Conclusion: It’s a nice pattern, but as per my usual complaint with Seamwork patterns, it’s by no means a one-hour sew. It took me about 6 hours in total (incl. cutting out), even the second time.

Final thoughts on Seamwork Almada

I really like this pattern and as I said, I’m half tempted to make it again. However, in the spirit of building a meaningful wardrobe, I am considering it really hard, as I already have two robes for colder weather. One of them, a short terry one, I use daily, the other is a big fluffy one for when I need a fabric snuggle. The terry one was a killer in this insane hot weather, and I really wished I had a breezier one to keep me cool. But then again, how many more summer days have we got left this year? Summer is usually short and unpredictable in the UK, so I am really considering if I’ll get 30 wears out of a summer robe. Maybe one for next year…

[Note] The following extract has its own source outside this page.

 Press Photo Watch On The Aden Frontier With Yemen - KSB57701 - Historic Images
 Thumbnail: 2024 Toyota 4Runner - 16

However, I was considering if it could be suitable for a dress instead. I would probably reduce the circumference of the sleeves, as you can see my underwear if I’m not wearing a slip. This idea has been buzzing in my head for a while, so there must be something in it, but I think I need to sew something else for a while, I’m a bit Almada’d out just now.

In the meatime, here’s more pics, where I enjoy a cuppa, as you must do in your robe, right? Notice the cats :).




  1. 10 August 2018 / 9:02 AM

    Love how your Almada turned out and although I’m definitely not a kimono girl myself, I can see how it would be a great gift to give. I can’t give you any thoughts on the Seamwork patterns as I’ve not used any of their patterns and at the moment I’m in a debate about what I want to make next so I’m making some pyjama bottoms!

  2. sewrendipityalex
    10 August 2018 / 6:59 PM

    Thank you! I gave it to my friend yesterday and she loved it, which is the most important thing.
    I’ve made quite a few Seamwork patterns, I quite like them. I stopped the subscription now, but I still have a bit of credit and I get new patterns I like.

    Pyjama bottoms sound great, I have a bit of a pyjama habit myself, ha ha, never too many to have!

  3. LJ
    28 May 2020 / 2:38 PM

    It looks like Seamwork has finally updated the description on their website as well and now calls it a “light robe,” though the “kimono” language is still used in the pattern pdf itself to describe the sleeves.

    • sewrendipityalex
      28 May 2020 / 2:47 PM

      I think ‘kimono sleeve’ is an industry standard now, I see it in many pattern drafting books and fashion reference books. In my view, the issue is with the use of the term to describe whole garments that are not the real thing. So maybe ‘kimono-like sleeves’?